**YOUR OBJECTIVE:** When you reach the line that contains "Белое платье мини" below, transcribe it and each line after it word for word to the end of the records, omitting pictures.

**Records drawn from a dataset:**
§ §
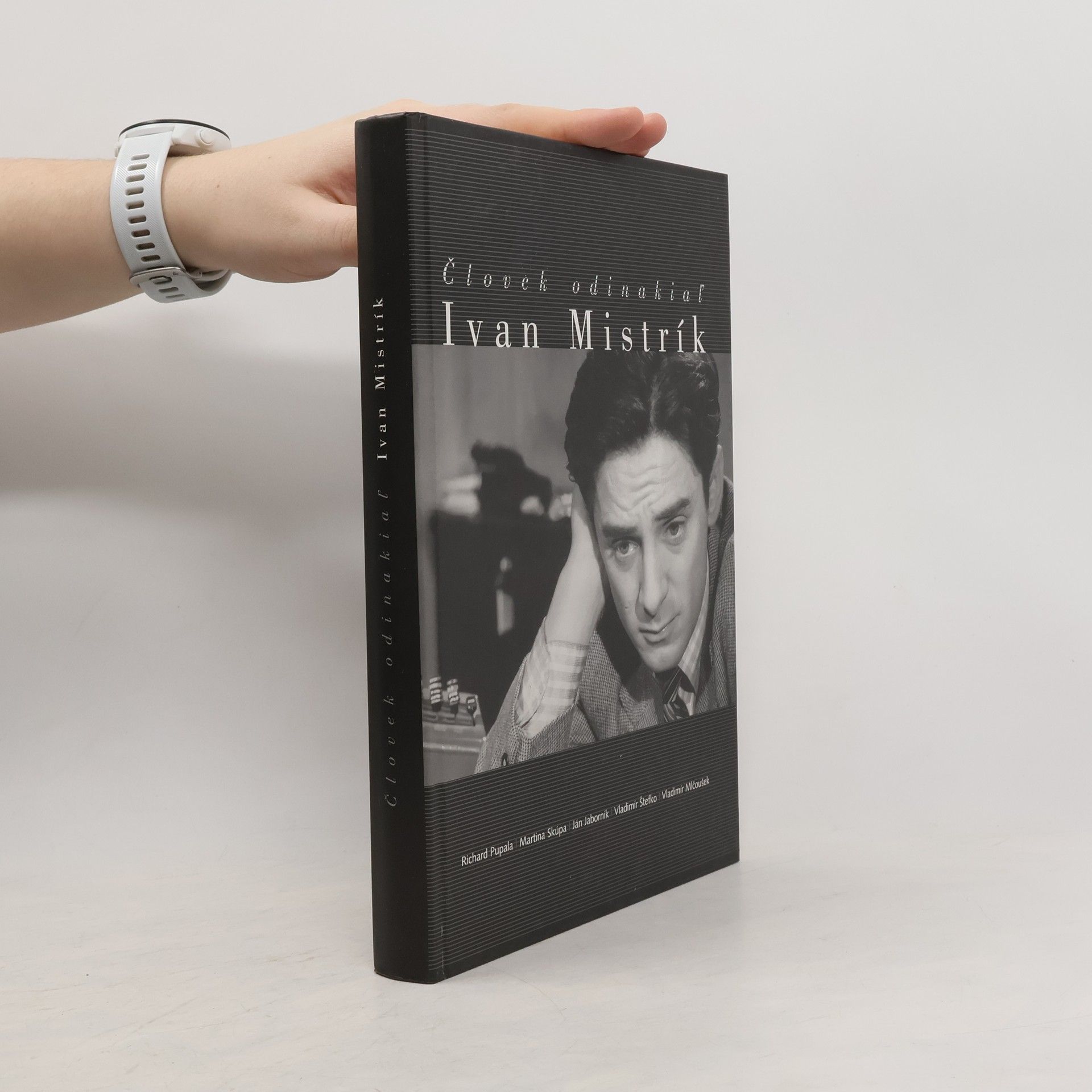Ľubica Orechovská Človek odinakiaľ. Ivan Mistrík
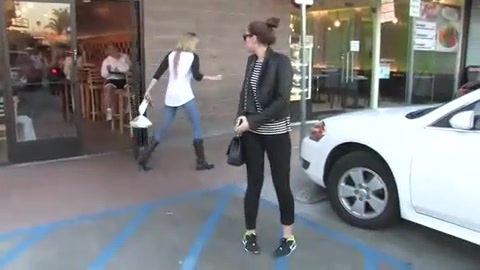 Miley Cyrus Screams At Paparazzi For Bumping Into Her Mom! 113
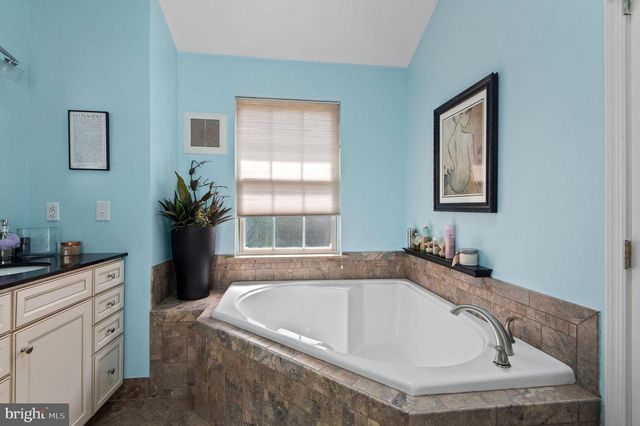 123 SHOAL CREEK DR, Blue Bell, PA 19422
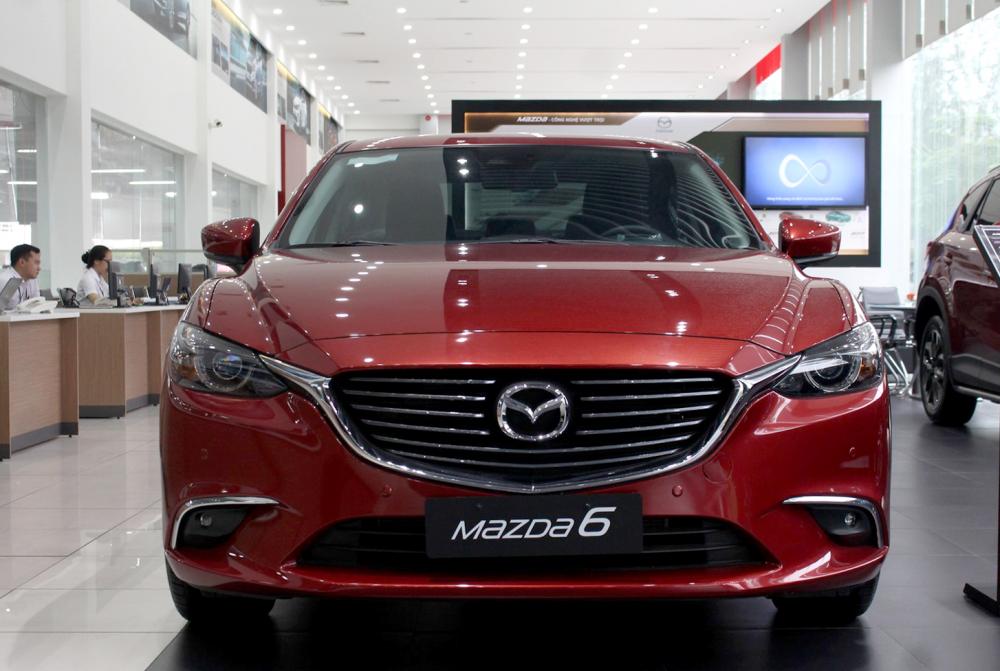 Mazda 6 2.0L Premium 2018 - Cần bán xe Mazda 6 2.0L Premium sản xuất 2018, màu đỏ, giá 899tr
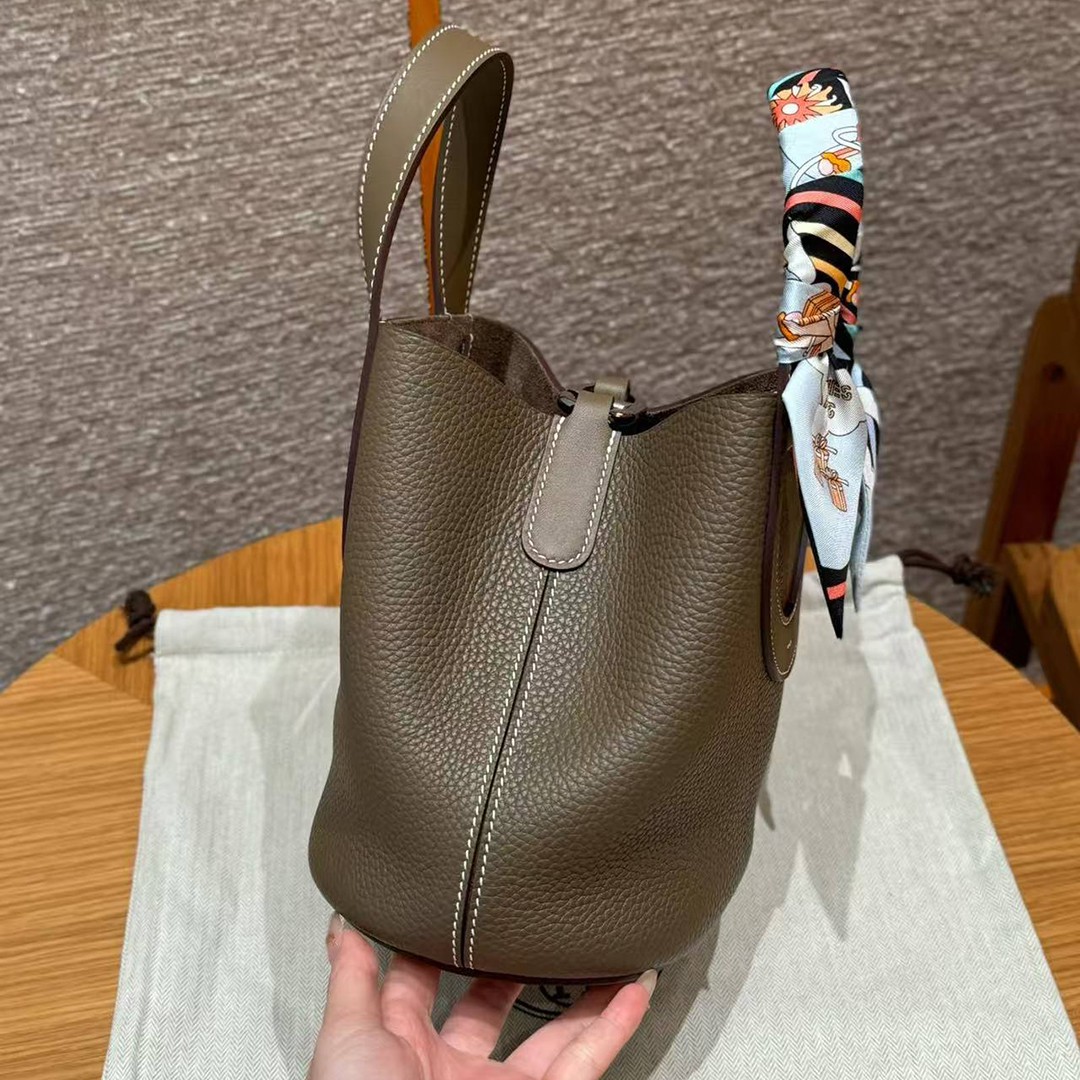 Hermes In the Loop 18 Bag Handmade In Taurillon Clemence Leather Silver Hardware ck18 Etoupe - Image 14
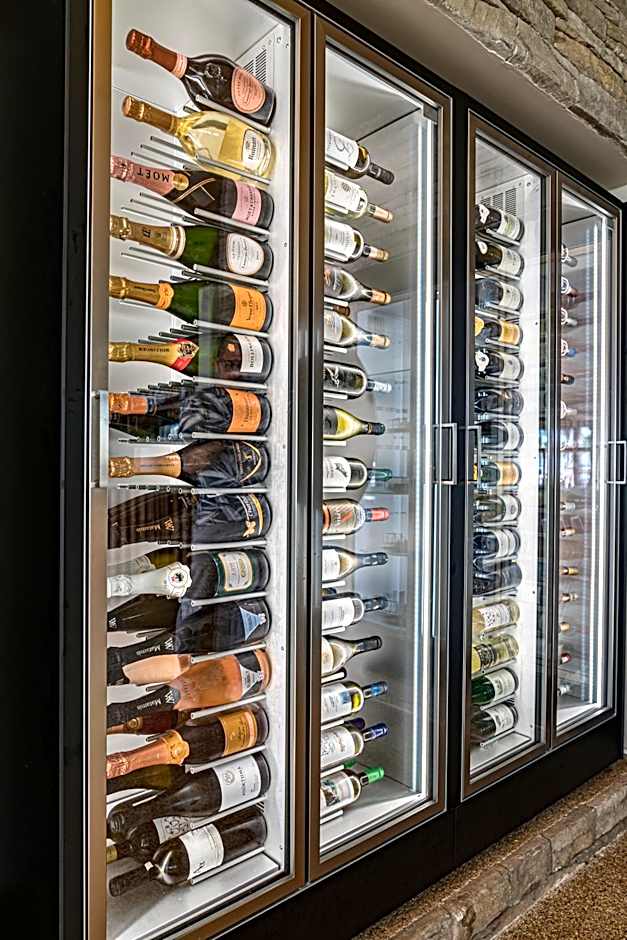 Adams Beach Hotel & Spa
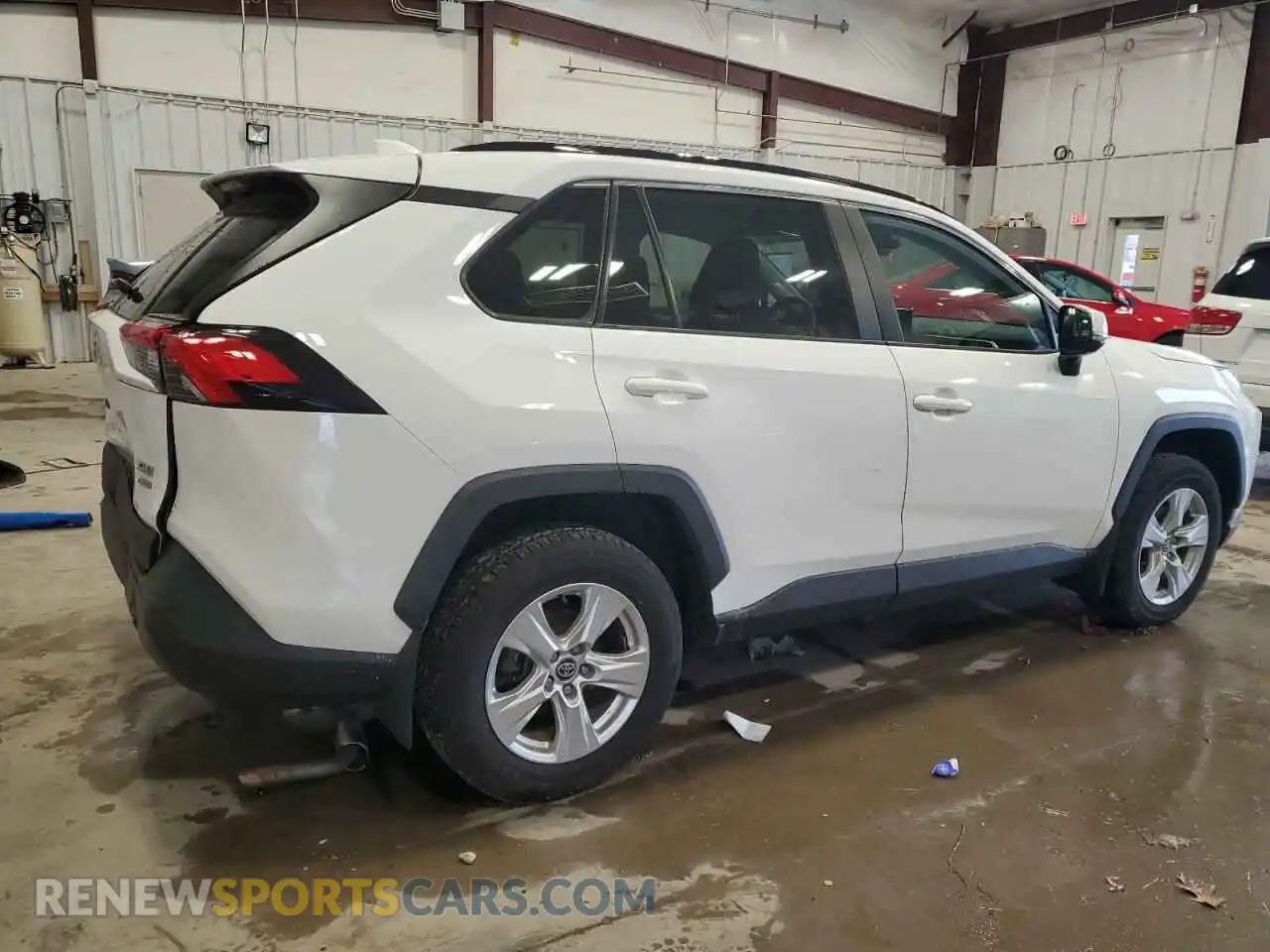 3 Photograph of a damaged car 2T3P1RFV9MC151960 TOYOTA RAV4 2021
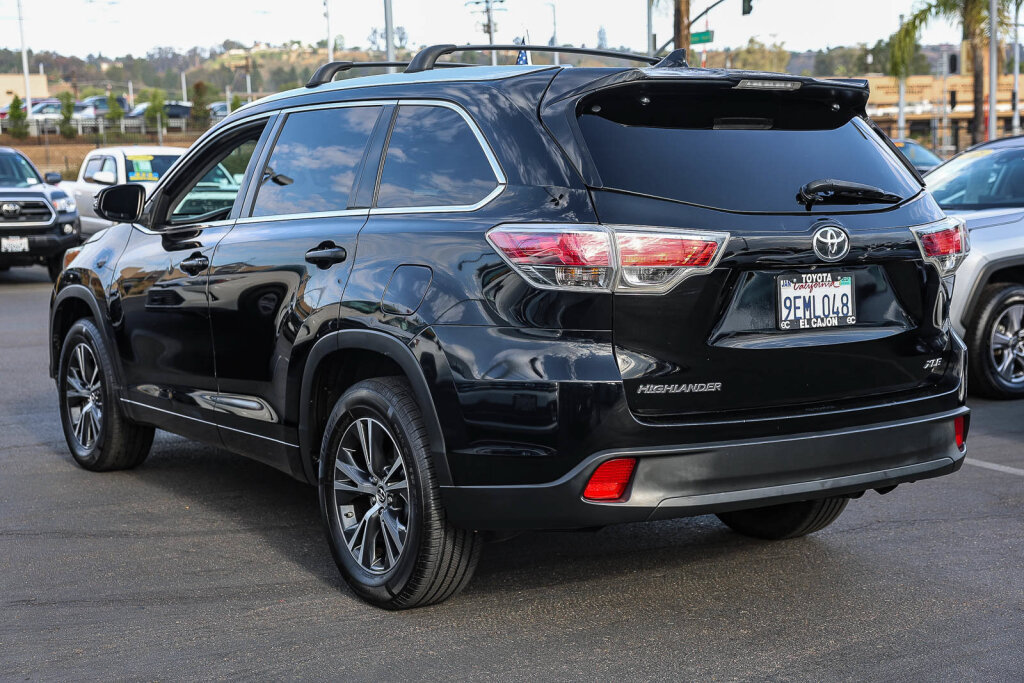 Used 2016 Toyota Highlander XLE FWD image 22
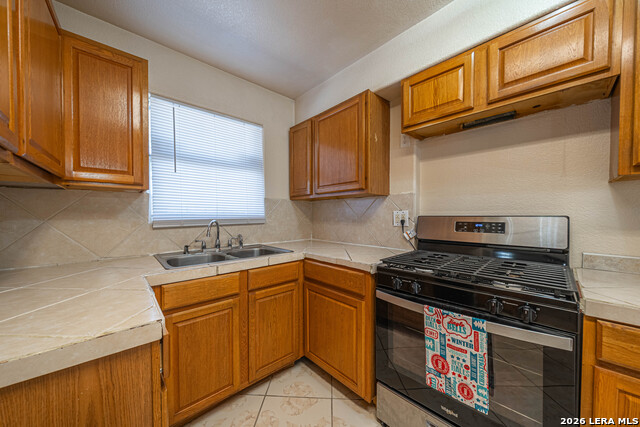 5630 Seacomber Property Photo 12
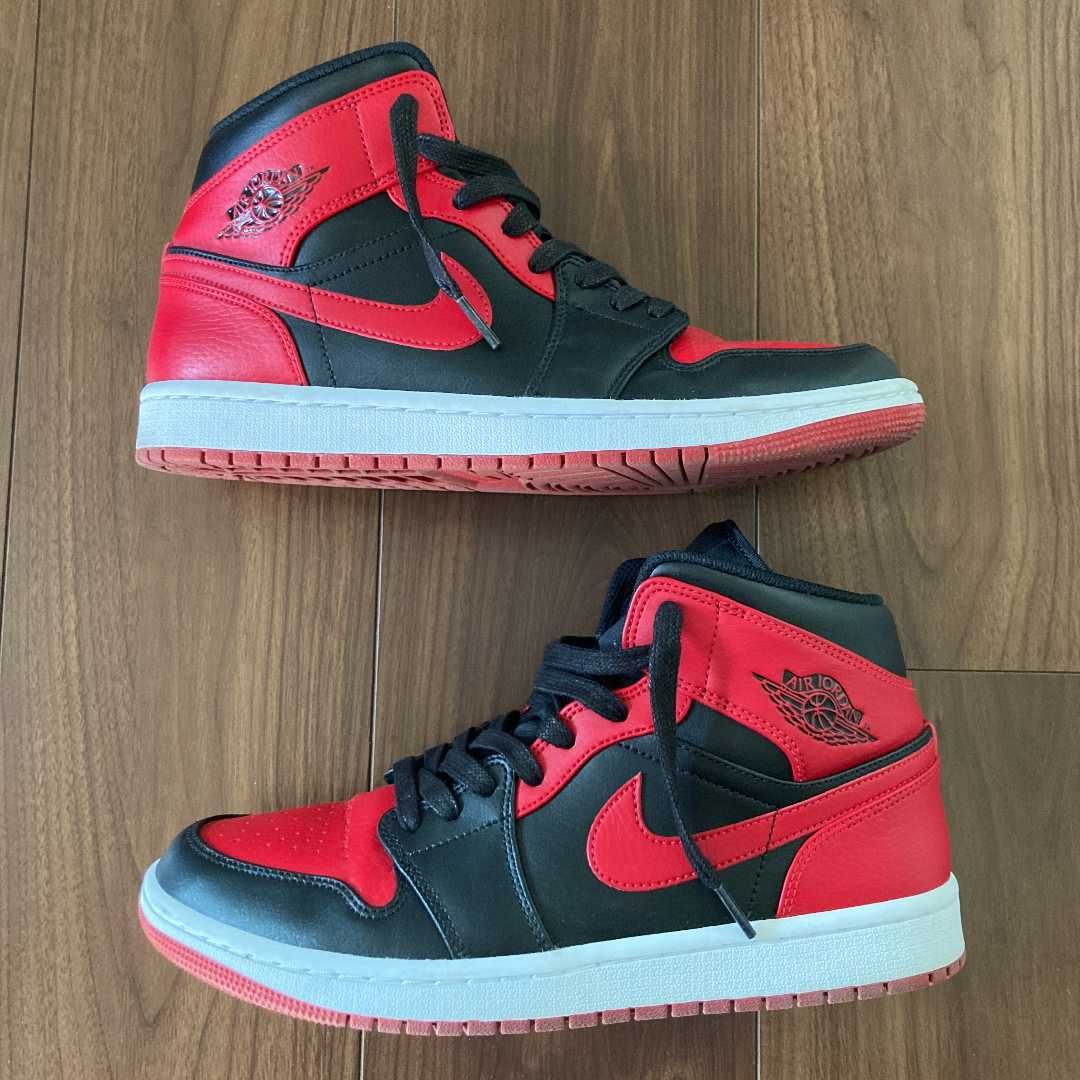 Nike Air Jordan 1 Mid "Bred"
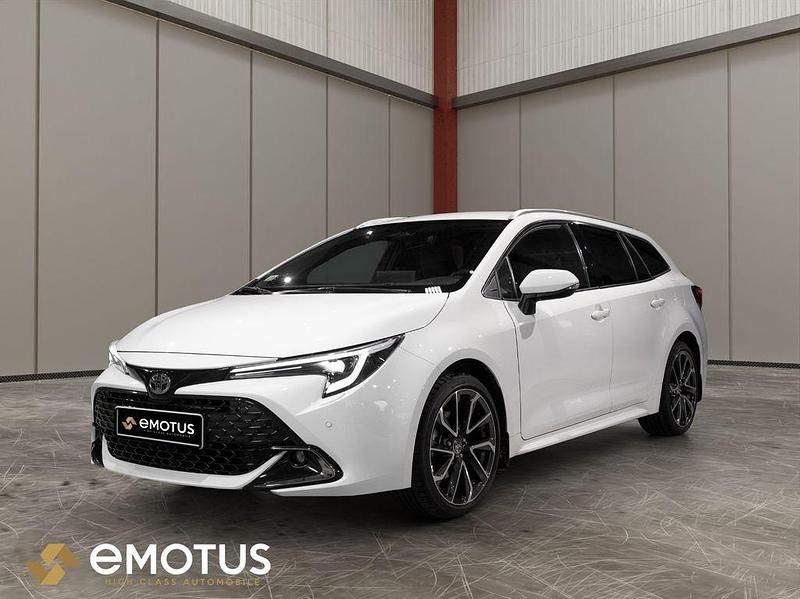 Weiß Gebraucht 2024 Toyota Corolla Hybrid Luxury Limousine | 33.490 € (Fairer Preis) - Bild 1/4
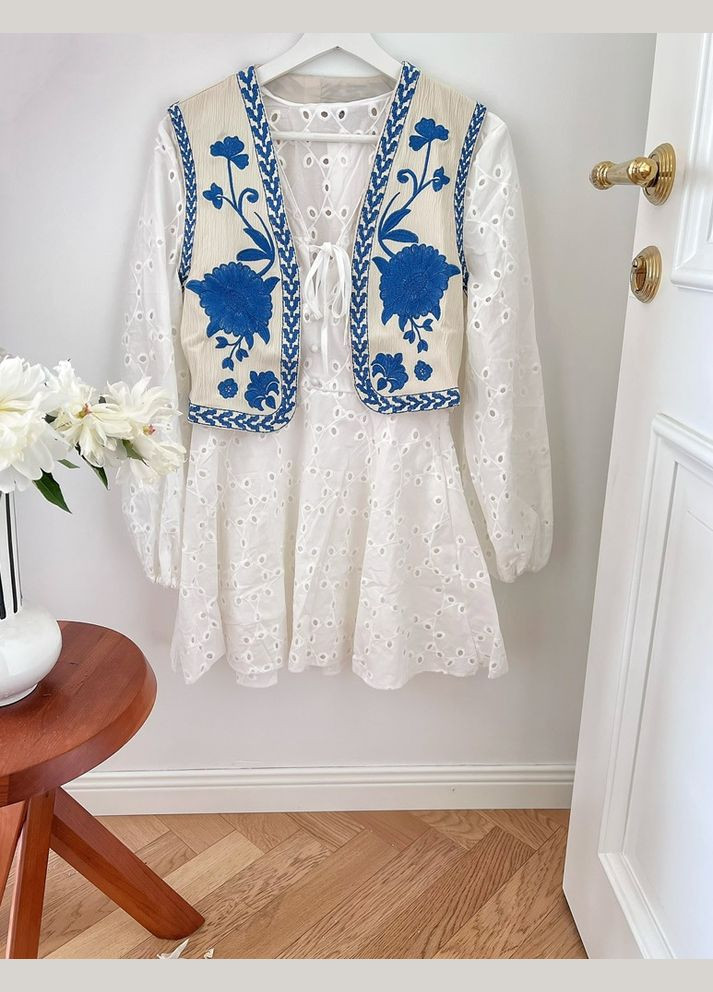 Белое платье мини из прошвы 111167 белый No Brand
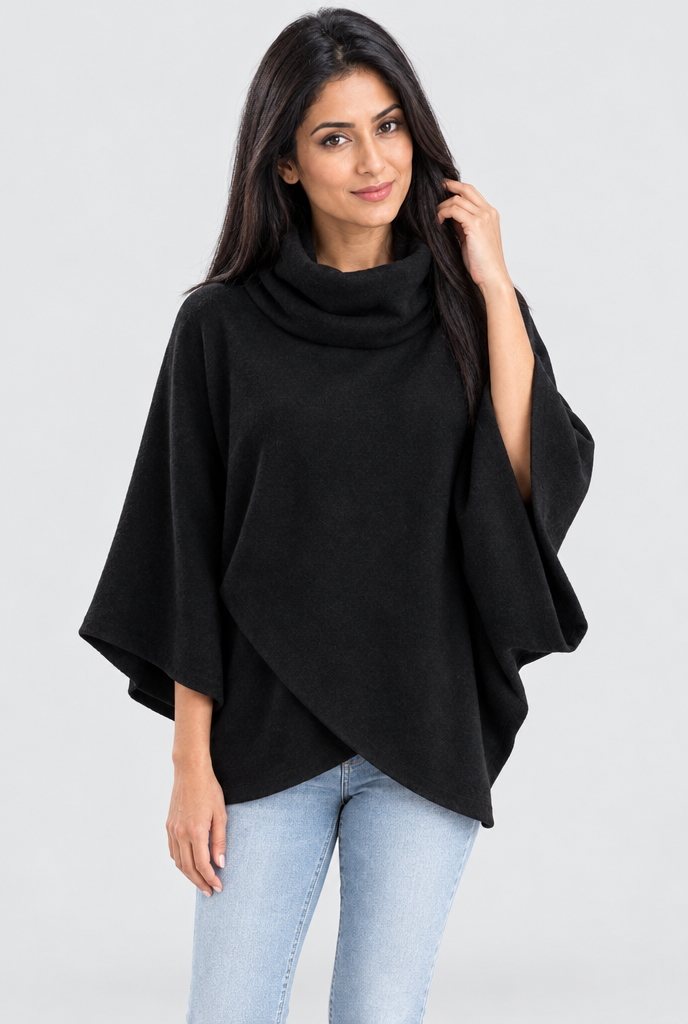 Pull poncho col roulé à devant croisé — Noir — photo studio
§ §
**FINAL ANSWER:**
 Белое платье мини из прошвы 111167 белый No Brand
 Pull poncho col roulé à devant croisé — Noir — photo studio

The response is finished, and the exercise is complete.